The wall funding was just a small sliver of the spending package the House approved
Senate Democrats are demanding equal increases to domestic and military spending
The House voted Thursday to approve a spending bill with $1.6 billion to put toward a border wall along the US-Mexico border, part of a high-profile campaign pledge from President Donald Trump.
Despite Trump’s pledge to make Mexico pay for the wall, the bill earmarks taxpayer money to construct a carrier along the southwest border. To avoid having those Republicans who oppose the measure vote on it directly House Republican leaders tucked it into a procedural measure that set the debate plan for the so-called “minibus” funding bill for several federal agencies.
The bill passed 235-192 mostly along party lines.
The wall funding was added to a measure that combined funding bills for the Pentagon, energy and water, legislative branch, military construction and Veterans Affairs.
The $658 billion defense spending legislation was $27 billion more than Trump’s budget request, and would provide the military additional fighter jets, ships, helicopters and troops that the Pentagon had requested.
While the wall funding was the most contentious piece of the appropriations bill, it was just a small sliver of the spending package the House approved.

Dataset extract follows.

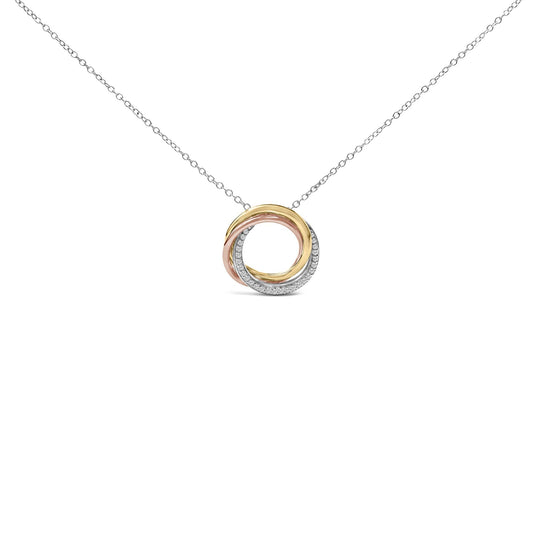 Tri Tone Sterling Silver 1/5 Cttw Diamond Interlocking Circle Pendant Necklace-0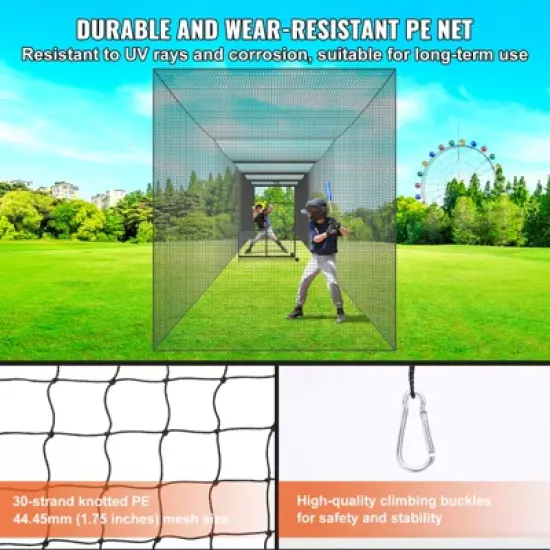 VEVOR Baseball Batting Netting, Professional Softball Baseball Batting Hitting Training Net,Portable Pitching Cage Net with Door & Carry Bag(NET ONLY) image {4}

The defense spending bill also conforms to the House’s budget outline, but it violates the Budget Control Act spending caps commonly known as sequestration. The Senate is not planning to give the military the same level of funding unless the caps are lifted, which would require congressional action.
Senate Democrats are demanding equal increases to domestic and military spending in any funding agreement, a debate that will heat up closer to the October 1 deadline for Congress to fund the government.